■ WORK TO BE COMPLETED ■
For this exercise, retype all the data exactly and exclude every image.

### SOURCE MATERIAL ###

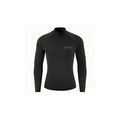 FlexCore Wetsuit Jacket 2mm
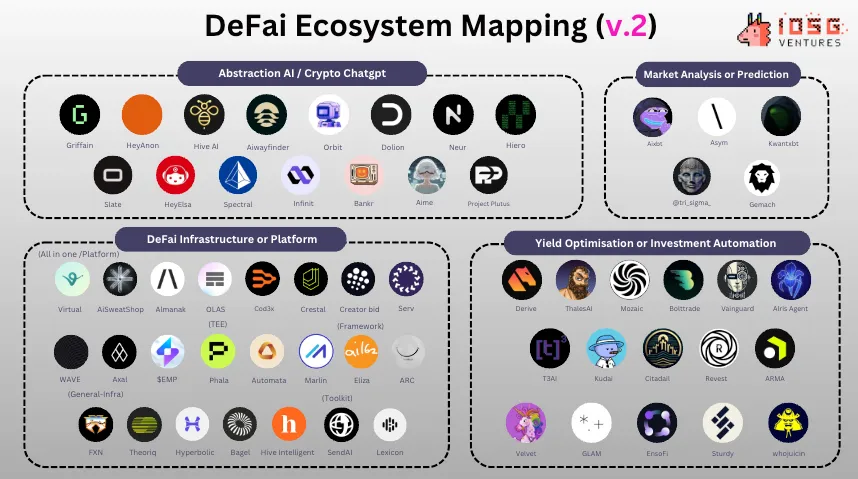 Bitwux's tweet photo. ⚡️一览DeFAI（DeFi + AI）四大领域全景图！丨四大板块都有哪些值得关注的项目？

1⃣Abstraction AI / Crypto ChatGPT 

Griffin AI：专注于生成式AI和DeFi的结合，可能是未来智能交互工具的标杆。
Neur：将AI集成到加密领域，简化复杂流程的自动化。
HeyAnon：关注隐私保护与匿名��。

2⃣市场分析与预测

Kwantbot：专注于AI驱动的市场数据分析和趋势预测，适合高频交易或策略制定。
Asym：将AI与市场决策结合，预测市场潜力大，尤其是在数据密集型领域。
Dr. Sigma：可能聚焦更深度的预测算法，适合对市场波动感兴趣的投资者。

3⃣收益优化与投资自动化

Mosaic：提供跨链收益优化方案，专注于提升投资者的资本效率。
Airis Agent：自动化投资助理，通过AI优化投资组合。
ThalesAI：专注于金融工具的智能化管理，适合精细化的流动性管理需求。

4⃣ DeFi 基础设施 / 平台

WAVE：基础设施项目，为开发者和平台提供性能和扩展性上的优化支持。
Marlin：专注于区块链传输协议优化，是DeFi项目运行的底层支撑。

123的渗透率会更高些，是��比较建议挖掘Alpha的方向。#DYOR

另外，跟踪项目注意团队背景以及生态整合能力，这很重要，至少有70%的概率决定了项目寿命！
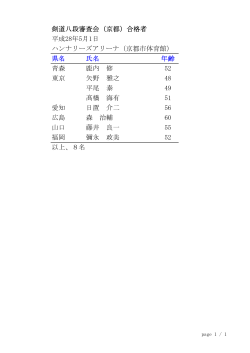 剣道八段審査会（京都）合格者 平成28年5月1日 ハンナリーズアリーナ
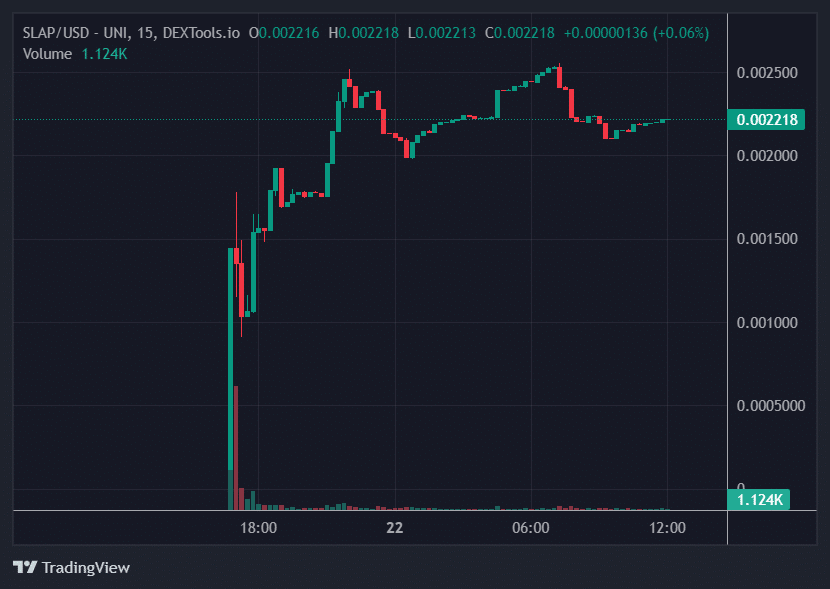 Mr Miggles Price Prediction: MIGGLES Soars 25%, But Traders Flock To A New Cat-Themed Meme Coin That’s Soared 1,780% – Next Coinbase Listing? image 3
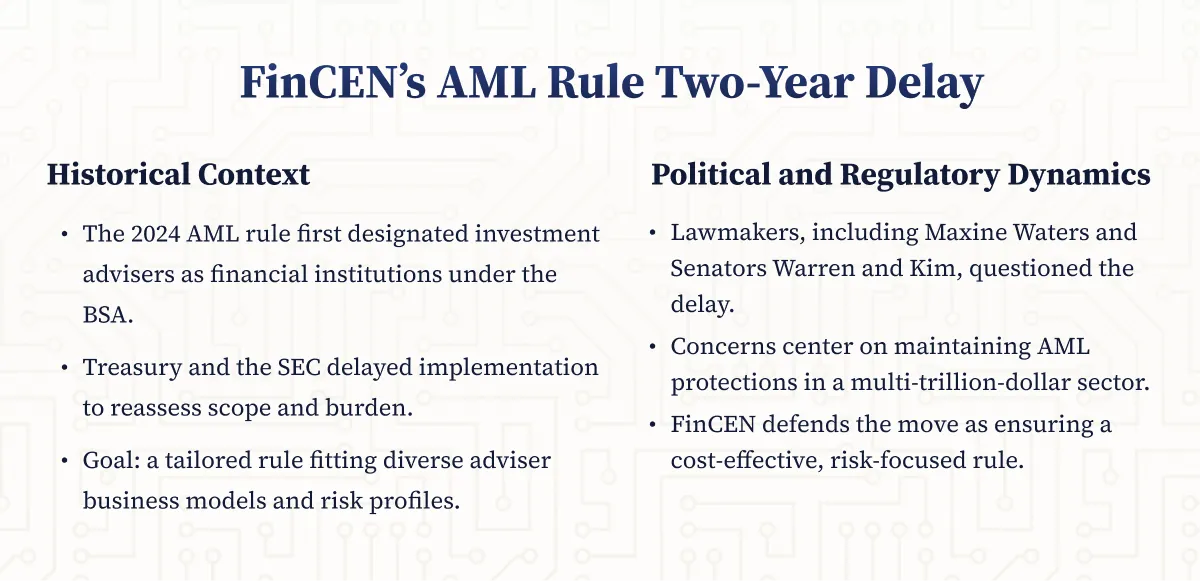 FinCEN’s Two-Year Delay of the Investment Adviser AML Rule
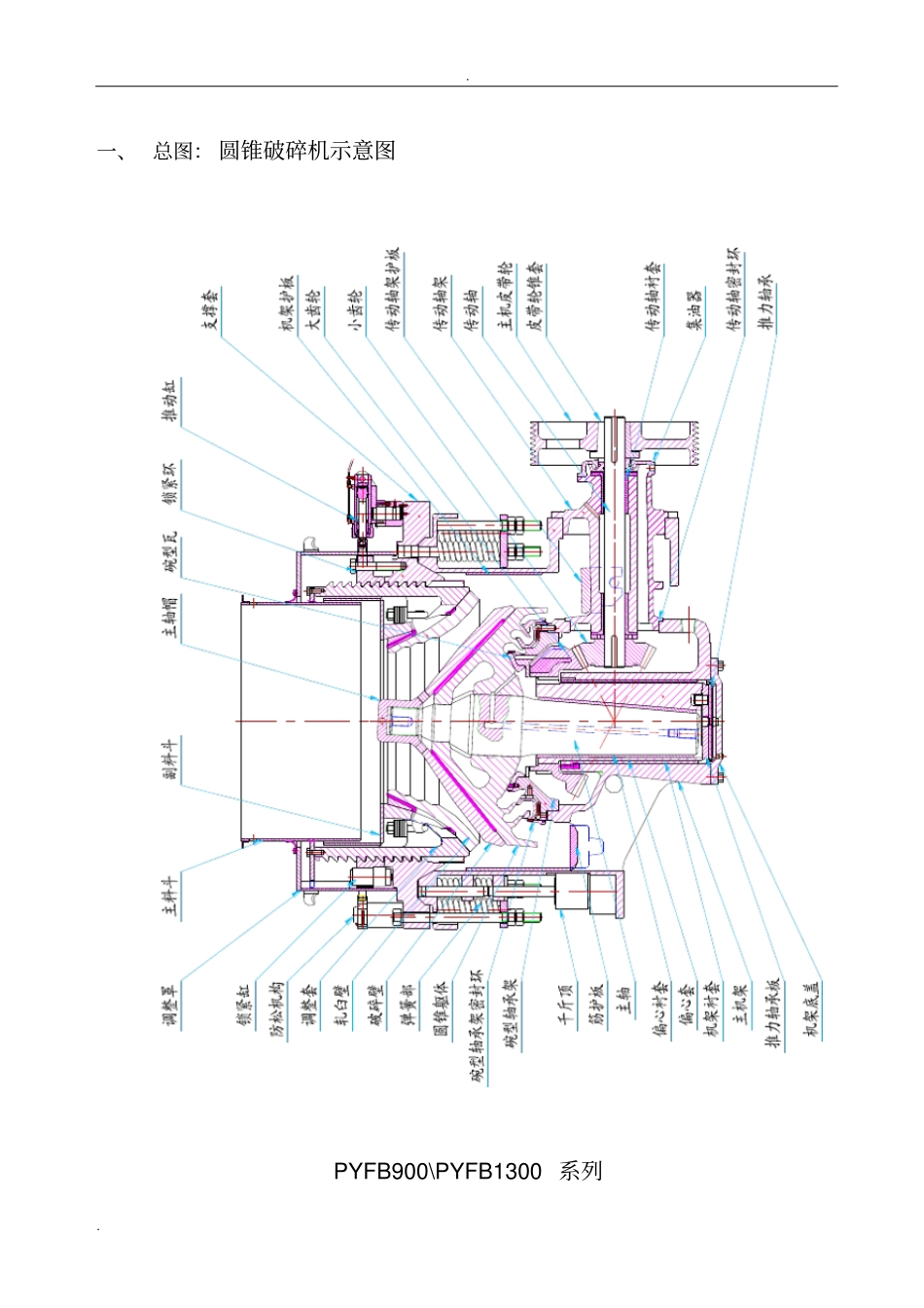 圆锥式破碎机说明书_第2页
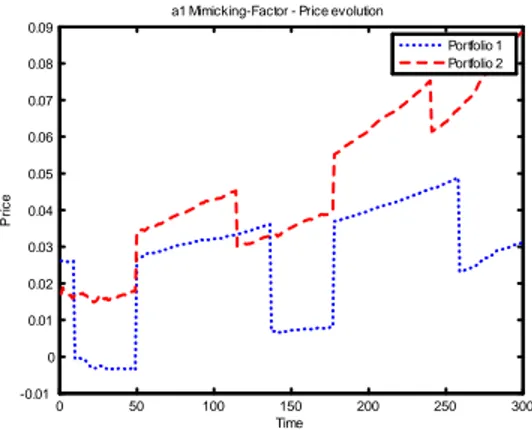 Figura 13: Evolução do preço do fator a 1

###

■ RESPONSE TO THE TASK ■
 FlexCore Wetsuit Jacket 2mm
 Bitwux's tweet photo. ⚡️一览DeFAI（DeFi + AI）四大领域全景图！丨四大板块都有哪些值得关注的项目？

1⃣Abstraction AI / Crypto ChatGPT 

Griffin AI：专注于生成式AI和DeFi的结合，可能是未来智能交互工具的标杆。
Neur：将AI集成到加密领域，简化复杂流程的自动化。
HeyAnon：关注隐私保护与匿名��。

2⃣市场分析与预测

Kwantbot：专注于AI驱动的市场数据分析和趋势预测，适合高频交易或策略制定。
Asym：将AI与市场决策结合，预测市场潜力大，尤其是在数据密集型领域。
Dr. Sigma：可能聚焦更深度的预测算法，适合对市场波动感兴趣的投资者。

3⃣收益优化与投资自动化

Mosaic：提供跨链收益优化方案，专注于提升投资者的资本效率。
Airis Agent：自动化投资助理，通过AI优化投资组合。
ThalesAI：专注于金融工具的智能化管理，适合精细化的流动性管理需求。

4⃣ DeFi 基础设施 / 平台

WAVE：基础设施项目，为开发者和平台提供性能和扩展性上的优化支持。
Marlin：专注于区块链传输协议优化，是DeFi项目运行的底层支撑。

123的渗透率会更高些，是��比较建议挖掘Alpha的方向。#DYOR

另外，跟踪项目注意团队背景以及生态整合能力，这很重要，至少有70%的概率决定了项目寿命！
 剣道八段審査会（京都）合格者 平成28年5月1日 ハンナリーズアリーナ
 Mr Miggles Price Prediction: MIGGLES Soars 25%, But Traders Flock To A New Cat-Themed Meme Coin That’s Soared 1,780% – Next Coinbase Listing? image 3
 FinCEN’s Two-Year Delay of the Investment Adviser AML Rule
 圆锥式破碎机说明书_第2页
 Figura 13: Evolução do preço do fator a 1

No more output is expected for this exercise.